Overview
This Shiny app allows for calculation of population estimates as performed for the National Aquatic Resource Surveys (NARS) and the plotting of results. Estimates based on categorical and continuous variables are possible. This app does not include all possible options but does allow typical settings used by NARS for creating population estimates.
Instructions for Use
- Select data file and upload. If the data are to be loaded from a URL, check the box to do so and paste or enter the URL for the file.
- The variables in that file will populate dropdown lists on that tab.
- Select variables to serve as site IDs, weights, response variables, and subpopulations (if desired). If only overall or 'national' estimates are desired, check the box for overall analysis.
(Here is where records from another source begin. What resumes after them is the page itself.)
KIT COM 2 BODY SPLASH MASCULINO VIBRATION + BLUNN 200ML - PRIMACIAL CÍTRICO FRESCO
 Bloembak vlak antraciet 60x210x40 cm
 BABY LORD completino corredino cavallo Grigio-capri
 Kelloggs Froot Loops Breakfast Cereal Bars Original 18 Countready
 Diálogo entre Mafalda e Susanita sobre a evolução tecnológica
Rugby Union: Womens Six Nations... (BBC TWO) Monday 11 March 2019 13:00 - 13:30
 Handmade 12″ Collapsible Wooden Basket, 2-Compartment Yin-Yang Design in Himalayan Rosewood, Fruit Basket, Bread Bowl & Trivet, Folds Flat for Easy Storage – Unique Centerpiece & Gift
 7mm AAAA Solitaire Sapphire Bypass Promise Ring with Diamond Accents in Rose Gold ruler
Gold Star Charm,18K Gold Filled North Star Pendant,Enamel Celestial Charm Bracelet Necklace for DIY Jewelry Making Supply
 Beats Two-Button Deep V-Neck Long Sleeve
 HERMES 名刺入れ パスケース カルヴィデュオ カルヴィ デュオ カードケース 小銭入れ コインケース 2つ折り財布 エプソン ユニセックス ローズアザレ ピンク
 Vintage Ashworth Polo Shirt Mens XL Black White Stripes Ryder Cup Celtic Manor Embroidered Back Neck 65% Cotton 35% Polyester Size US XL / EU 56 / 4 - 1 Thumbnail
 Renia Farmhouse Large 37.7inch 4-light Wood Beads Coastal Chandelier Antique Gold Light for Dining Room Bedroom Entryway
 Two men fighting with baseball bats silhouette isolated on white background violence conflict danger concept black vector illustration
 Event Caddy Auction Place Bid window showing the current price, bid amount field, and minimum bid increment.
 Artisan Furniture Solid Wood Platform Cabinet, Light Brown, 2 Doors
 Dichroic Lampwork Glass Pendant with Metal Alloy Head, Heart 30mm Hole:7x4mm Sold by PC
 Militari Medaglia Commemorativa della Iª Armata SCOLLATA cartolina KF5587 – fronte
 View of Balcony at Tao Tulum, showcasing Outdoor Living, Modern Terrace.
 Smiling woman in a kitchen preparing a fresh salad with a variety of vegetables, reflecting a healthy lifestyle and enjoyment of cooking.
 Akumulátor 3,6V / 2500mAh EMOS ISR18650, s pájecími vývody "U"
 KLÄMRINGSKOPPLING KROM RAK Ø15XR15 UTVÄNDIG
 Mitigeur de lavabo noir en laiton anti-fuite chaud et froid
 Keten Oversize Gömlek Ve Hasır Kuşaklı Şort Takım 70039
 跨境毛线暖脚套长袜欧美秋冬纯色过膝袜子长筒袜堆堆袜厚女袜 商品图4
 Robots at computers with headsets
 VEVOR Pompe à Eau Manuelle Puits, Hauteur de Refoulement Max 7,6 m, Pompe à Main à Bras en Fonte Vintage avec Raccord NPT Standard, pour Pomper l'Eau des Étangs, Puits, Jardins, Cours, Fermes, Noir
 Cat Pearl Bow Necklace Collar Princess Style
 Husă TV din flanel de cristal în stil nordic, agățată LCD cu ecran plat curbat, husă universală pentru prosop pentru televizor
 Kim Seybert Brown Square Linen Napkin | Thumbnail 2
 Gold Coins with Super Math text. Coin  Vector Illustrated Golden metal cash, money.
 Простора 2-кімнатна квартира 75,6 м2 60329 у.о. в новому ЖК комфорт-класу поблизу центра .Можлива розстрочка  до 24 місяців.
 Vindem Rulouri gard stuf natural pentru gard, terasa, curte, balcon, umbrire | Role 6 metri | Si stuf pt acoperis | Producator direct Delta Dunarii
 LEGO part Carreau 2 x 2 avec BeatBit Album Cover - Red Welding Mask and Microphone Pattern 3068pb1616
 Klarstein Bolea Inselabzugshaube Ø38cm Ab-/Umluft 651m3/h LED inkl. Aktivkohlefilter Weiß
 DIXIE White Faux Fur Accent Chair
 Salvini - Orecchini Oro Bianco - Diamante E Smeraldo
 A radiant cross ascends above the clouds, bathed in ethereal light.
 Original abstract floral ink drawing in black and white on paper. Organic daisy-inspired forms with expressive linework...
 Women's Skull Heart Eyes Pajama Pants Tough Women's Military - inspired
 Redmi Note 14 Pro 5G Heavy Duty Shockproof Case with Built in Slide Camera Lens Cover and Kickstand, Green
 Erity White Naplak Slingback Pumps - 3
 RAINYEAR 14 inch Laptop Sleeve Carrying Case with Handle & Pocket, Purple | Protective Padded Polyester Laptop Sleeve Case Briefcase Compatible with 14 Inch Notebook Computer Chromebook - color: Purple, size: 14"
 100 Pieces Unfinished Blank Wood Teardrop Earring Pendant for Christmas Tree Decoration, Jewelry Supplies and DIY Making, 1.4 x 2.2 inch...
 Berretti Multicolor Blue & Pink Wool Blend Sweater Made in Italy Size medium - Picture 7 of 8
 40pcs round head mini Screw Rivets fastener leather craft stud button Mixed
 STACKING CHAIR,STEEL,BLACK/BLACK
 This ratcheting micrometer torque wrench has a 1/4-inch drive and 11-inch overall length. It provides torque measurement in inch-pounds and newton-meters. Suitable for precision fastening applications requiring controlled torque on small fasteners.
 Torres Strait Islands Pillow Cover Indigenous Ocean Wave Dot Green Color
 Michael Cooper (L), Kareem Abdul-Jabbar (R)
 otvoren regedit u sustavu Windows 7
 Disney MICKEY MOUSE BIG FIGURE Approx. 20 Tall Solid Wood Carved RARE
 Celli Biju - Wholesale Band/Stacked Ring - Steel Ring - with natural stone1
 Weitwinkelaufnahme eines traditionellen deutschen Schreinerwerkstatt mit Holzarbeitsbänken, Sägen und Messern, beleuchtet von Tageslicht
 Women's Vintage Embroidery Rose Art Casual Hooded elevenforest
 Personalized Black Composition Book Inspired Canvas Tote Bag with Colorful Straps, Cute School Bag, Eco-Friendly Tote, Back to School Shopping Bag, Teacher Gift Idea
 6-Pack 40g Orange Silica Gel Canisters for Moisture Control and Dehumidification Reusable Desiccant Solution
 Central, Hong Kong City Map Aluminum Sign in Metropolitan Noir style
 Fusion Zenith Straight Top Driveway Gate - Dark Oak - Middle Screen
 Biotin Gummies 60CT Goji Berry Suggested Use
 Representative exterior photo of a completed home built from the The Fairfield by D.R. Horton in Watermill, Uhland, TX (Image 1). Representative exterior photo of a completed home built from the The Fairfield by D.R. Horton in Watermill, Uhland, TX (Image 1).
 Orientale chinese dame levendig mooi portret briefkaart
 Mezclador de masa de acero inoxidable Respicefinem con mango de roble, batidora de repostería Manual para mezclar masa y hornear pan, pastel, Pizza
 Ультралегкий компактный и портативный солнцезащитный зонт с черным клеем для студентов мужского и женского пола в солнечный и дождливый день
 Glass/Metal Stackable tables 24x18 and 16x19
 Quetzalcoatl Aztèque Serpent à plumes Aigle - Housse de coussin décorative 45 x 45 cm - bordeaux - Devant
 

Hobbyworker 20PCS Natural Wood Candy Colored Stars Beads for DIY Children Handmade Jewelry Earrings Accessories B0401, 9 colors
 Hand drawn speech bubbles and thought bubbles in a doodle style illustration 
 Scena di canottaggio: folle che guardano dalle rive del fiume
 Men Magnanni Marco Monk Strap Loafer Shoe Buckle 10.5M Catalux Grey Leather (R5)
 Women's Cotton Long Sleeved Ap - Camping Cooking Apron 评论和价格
- If data are to be used for change analysis, select the variable that distinguishes between design cycles (we usually assume this variable represents year).
-
Select the type of variance you want to use. Local neighborhood variance uses a site's nearest neighbors to estimate variance, tending to result in smaller variance values than variance based on a simple random sample. This approach is recommended and is the approach used in NARS estimates. It requires site coordinates to be provided.
- For local neighborhood variance, select coordinate variables (Albers projection, or some other projection).
- For simple random sample (SRS) variance, selecting a stratum variable to better estimate variance is advised but not required. Coordinates are not used with this type of variance.
- You may subset the data for analysis by up to one categorical variable. To do this, select the check box to subset, then select the variable to subset by. Finally, select one or more categories by which to subset data.
- Click on the left hand button to view the full dataset if necessary.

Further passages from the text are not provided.